[Stored data entries]
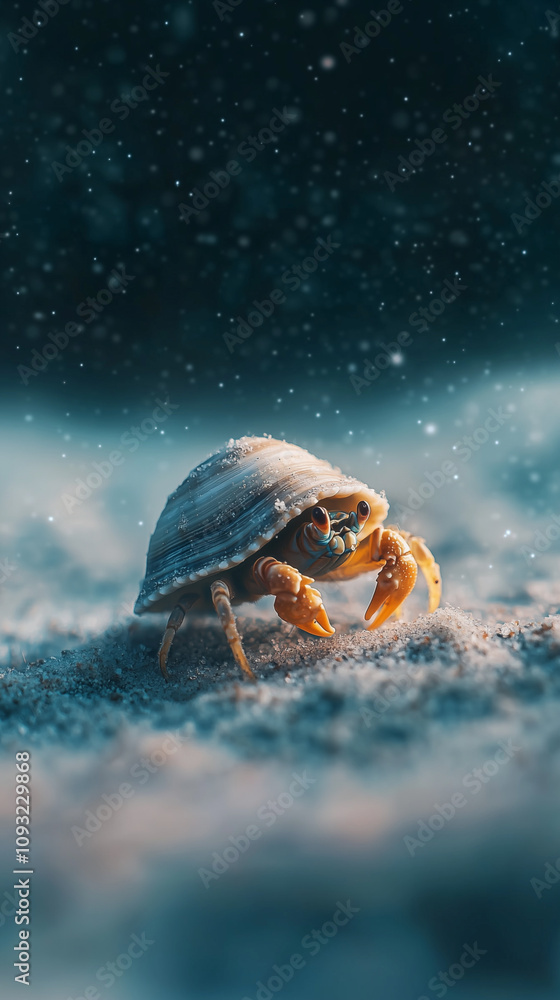 Macro shot of a hermit crab emerging from its shell at night Macro shot of a hermit crab emerging from its shell at night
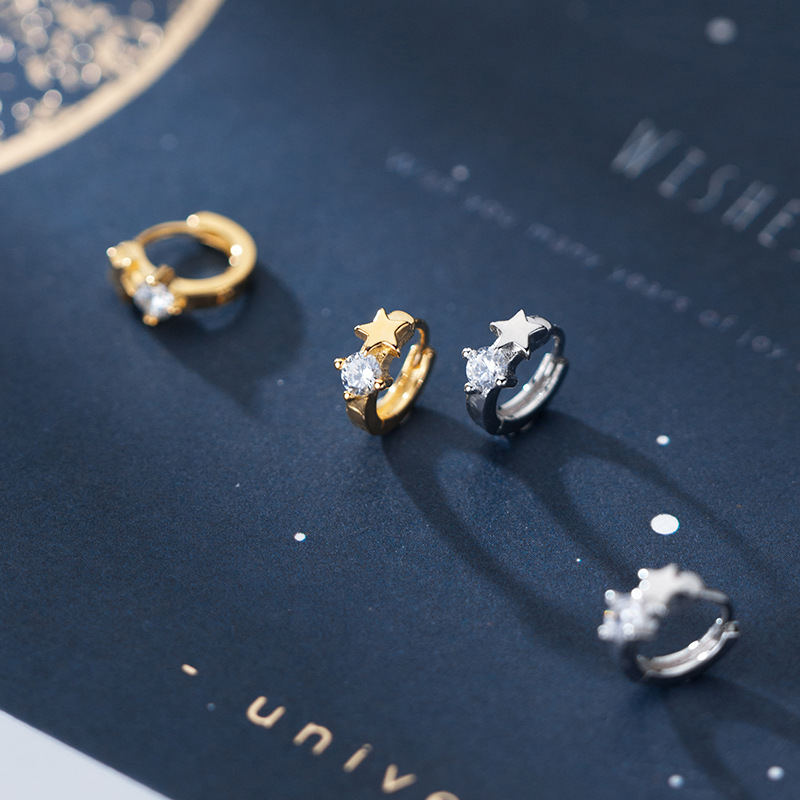 Eloch s925 botón de orejas de plata estrella de diamante femenina temperamento literario joyas de orejas G7063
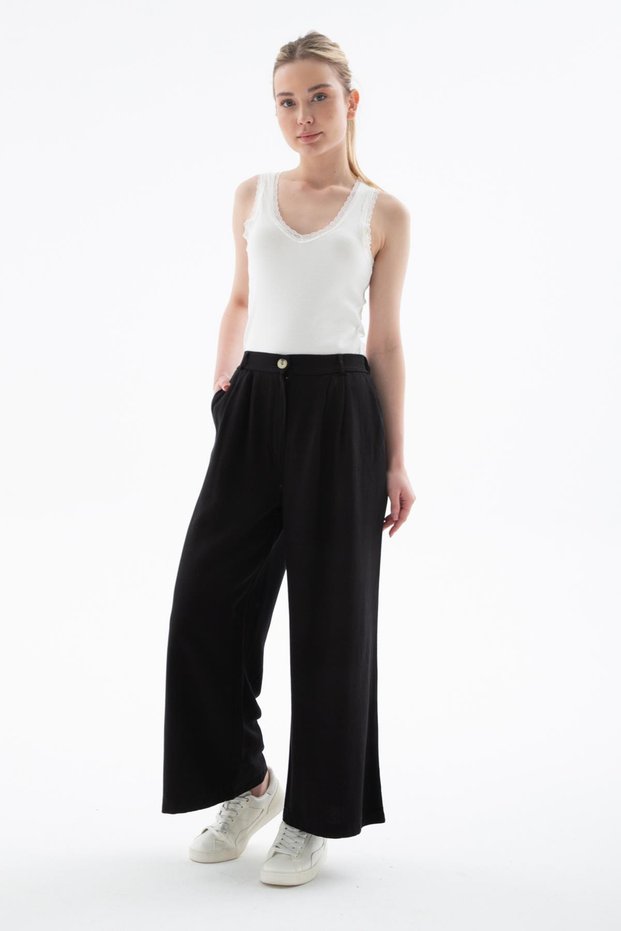 Elastic Wide Leg Linen Trousers Black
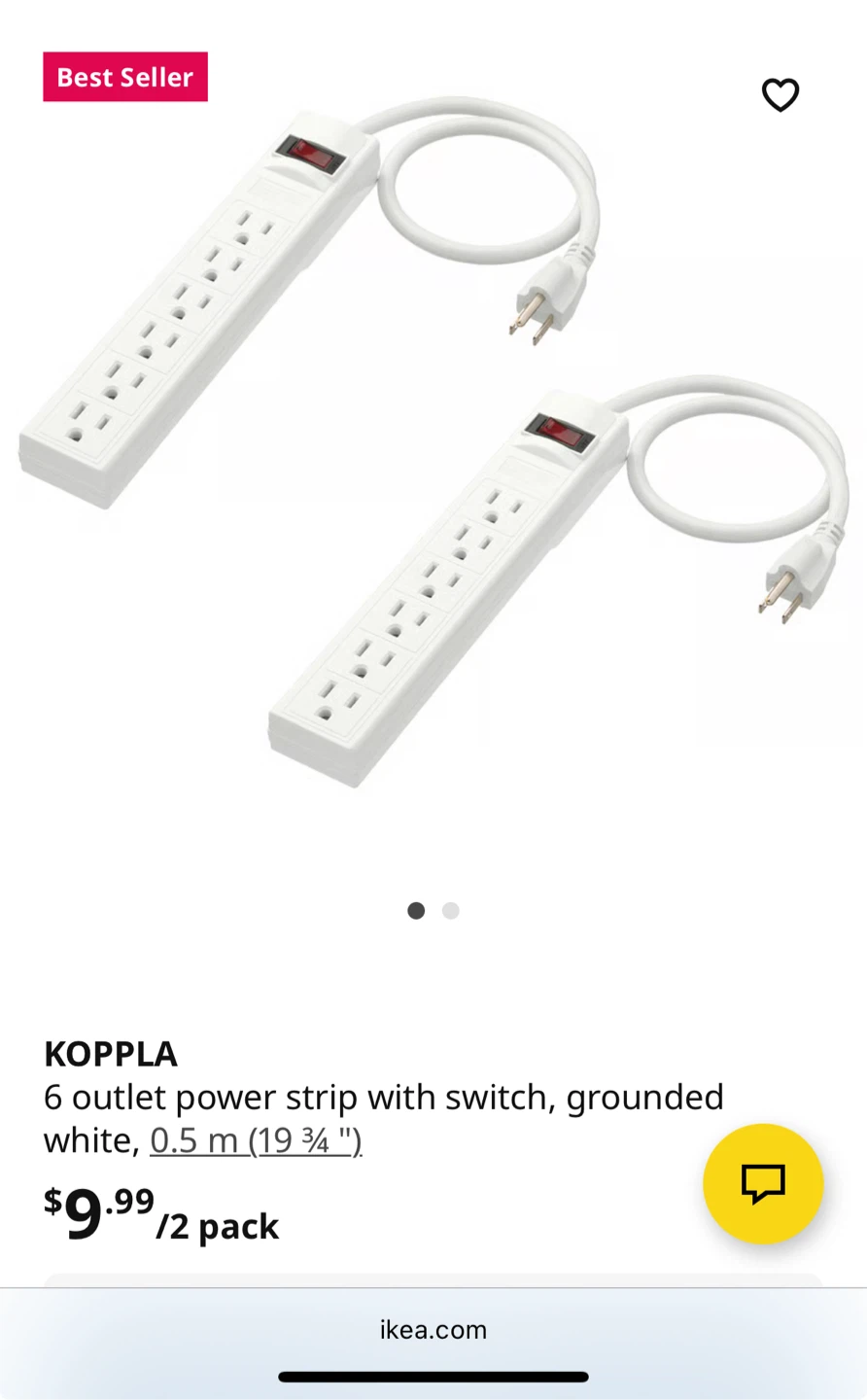 IKEA Koppla 6 Outlet Power Strip x 2 - photo 2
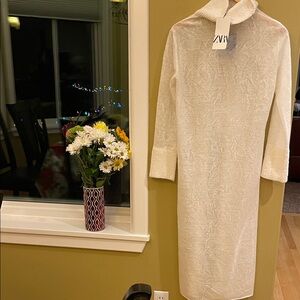 NWT Zara Off-White Knit Turtleneck Dress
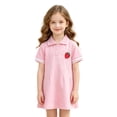 thumbnail image 1 of YAYUBA Girl's Uniform Polo Dress Collar Puff Short Sleeve Dress Ruffle Button Down Cute Shirtdress Kids Preppy School Uniform Dress 12-18 Months Pink, 1 of 9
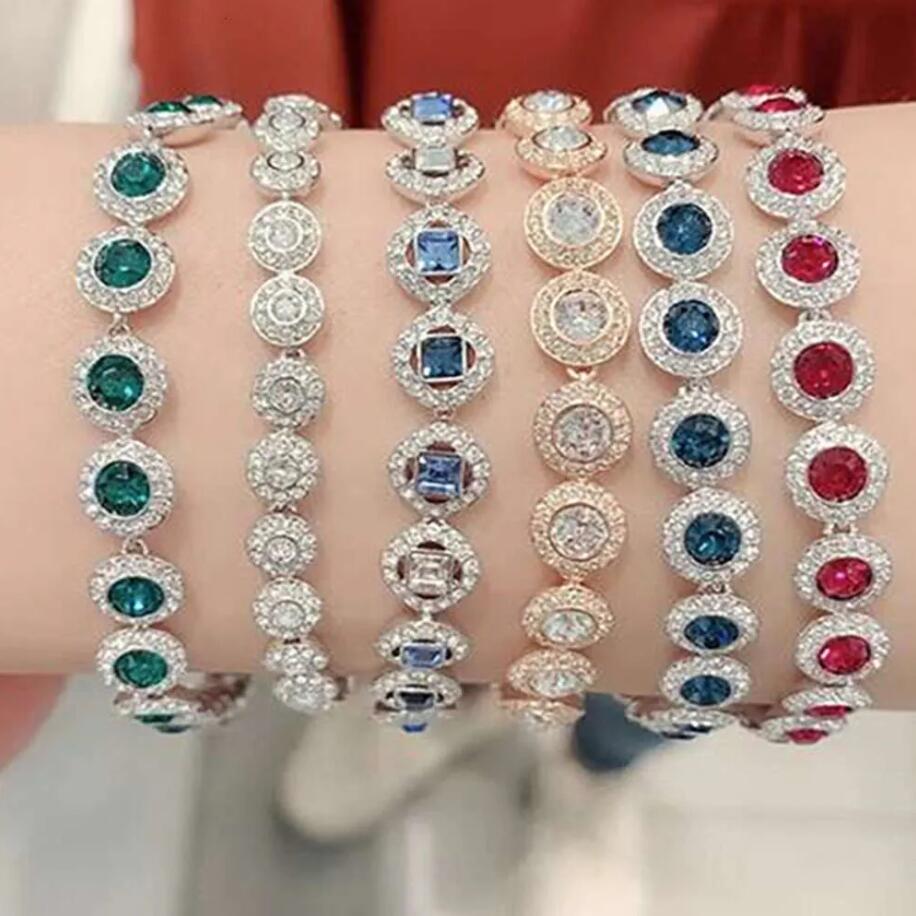 Bracelets anges de luxe Bracelet de boucle en diamant complet brillance Blue rouge rose claire cristal original pour maman copine Envoyer des cadeaux romantiques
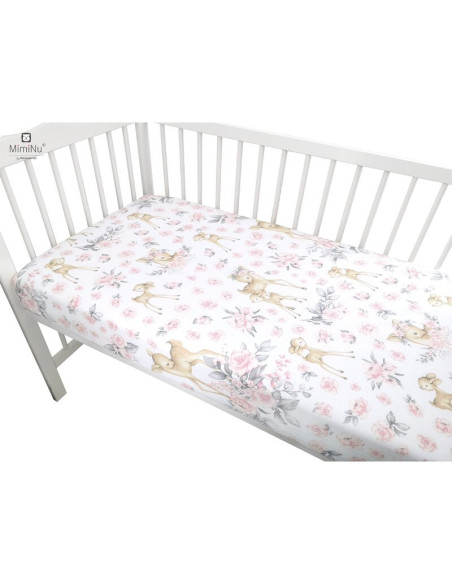 BN-6426972009195,MimiNu - Cearceaf cu elastic pentru patut 140X70 cm, Din bumbac certificat Oeko Tex Standard 100, Sweet Deer Pi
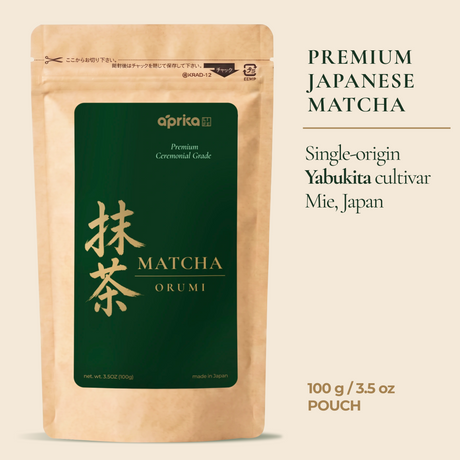 Aprika Life Orumi Japanese Ceremonial Grade Matcha Powder, 100g Pouch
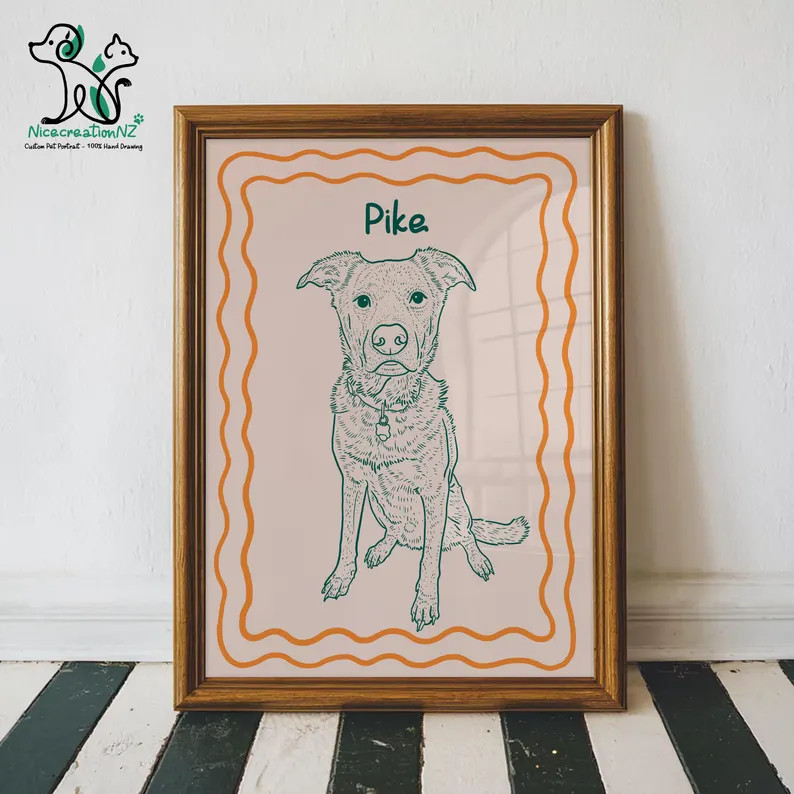 Custom Funky Pet Portrait, Cute Digital Cat Poster, Custom Badly Drawn Dog Portrait Minimalist Cu... | Etsy (US)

What the exercise asks: Output an exact copy of the lines from the one with "BN-6426972009195,MimiNu - Cearceaf" through the closing line of the records, inclusive, without any images.

Task response:
 BN-6426972009195,MimiNu - Cearceaf cu elastic pentru patut 140X70 cm, Din bumbac certificat Oeko Tex Standard 100, Sweet Deer Pi
 Aprika Life Orumi Japanese Ceremonial Grade Matcha Powder, 100g Pouch
 Custom Funky Pet Portrait, Cute Digital Cat Poster, Custom Badly Drawn Dog Portrait Minimalist Cu... | Etsy (US)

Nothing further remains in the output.